I've written a few scripts for processing FASTA/FASTQ files (e.g. fastx-length.pl), but would like to make them more generic and accept both compressed and uncompressed files as both command line parameters and as standard input (so that the scripts "just work" when you throw random files at them). It's quite common for me to be doing work on both uncompressed and compressed files (e.g. compressed read files, uncompressed assembled genomes), and slotting in things like <(zcat file.fastq.gz)
gets quickly annoying.
Here's an example chunk from the fastx-length.pl
script:
...
my @lengths = ();
my $inQual = 0; # false
my $seqID = "";
my $qualID = "";
my $seq = "";
my $qual = "";
while(<>){
chomp; chomp; # double chomp for Windows CR/LF on Linux machines
if(!$inQual){
if(/^(>|@)((.+?)( .*?\s*)?)$/){
my $newSeqID = $2;
my $newShortID = $3;
if($seqID){
printf("%d %s\n", length($seq), $seqID);
push(@lengths, length($seq));
}
...
I can see that IO::Uncompress::Gunzip
supports transparent uncompression via :
If this option is set and the input file/buffer is not compressed data, the module will allow reading of it anyway.

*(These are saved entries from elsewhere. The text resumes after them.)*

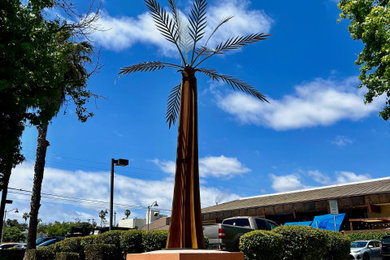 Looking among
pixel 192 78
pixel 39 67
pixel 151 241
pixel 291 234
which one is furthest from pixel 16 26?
pixel 291 234

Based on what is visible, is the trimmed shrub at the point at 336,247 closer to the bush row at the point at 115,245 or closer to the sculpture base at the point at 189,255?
the bush row at the point at 115,245

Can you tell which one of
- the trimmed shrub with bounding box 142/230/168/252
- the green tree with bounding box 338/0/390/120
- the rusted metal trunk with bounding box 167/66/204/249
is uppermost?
the green tree with bounding box 338/0/390/120

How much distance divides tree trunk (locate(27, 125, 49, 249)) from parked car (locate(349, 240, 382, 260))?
16053 mm

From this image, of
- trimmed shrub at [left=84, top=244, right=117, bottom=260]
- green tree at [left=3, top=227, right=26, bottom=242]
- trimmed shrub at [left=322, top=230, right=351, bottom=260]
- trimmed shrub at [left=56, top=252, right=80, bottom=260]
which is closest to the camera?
trimmed shrub at [left=84, top=244, right=117, bottom=260]

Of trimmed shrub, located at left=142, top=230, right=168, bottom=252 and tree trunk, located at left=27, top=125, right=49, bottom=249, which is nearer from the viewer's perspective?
trimmed shrub, located at left=142, top=230, right=168, bottom=252

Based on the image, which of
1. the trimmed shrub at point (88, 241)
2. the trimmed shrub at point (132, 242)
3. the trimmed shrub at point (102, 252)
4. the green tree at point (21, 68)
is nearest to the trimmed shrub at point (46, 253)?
the trimmed shrub at point (88, 241)

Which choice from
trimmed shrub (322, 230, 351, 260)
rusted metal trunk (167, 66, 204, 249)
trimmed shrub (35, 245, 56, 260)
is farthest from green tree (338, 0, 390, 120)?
trimmed shrub (35, 245, 56, 260)

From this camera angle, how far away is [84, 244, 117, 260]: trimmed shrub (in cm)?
1283

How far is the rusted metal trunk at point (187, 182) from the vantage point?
6.76m

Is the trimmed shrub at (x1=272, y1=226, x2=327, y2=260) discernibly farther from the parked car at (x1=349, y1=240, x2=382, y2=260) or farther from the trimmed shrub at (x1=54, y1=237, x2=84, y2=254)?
the trimmed shrub at (x1=54, y1=237, x2=84, y2=254)

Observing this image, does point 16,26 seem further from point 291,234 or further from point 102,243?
point 291,234

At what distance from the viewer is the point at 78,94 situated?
12555mm

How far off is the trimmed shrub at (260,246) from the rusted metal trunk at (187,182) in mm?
4459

In addition, if the input file/buffer does contain compressed data and there is non-compressed data immediately following it, setting this option will make this module treat the whole file/buffer as a single data stream.
I would like to basically slot a transparent uncompress into the diamond operator, between loading each file and reading a line from the file inputs. Does anyone know how I can do this?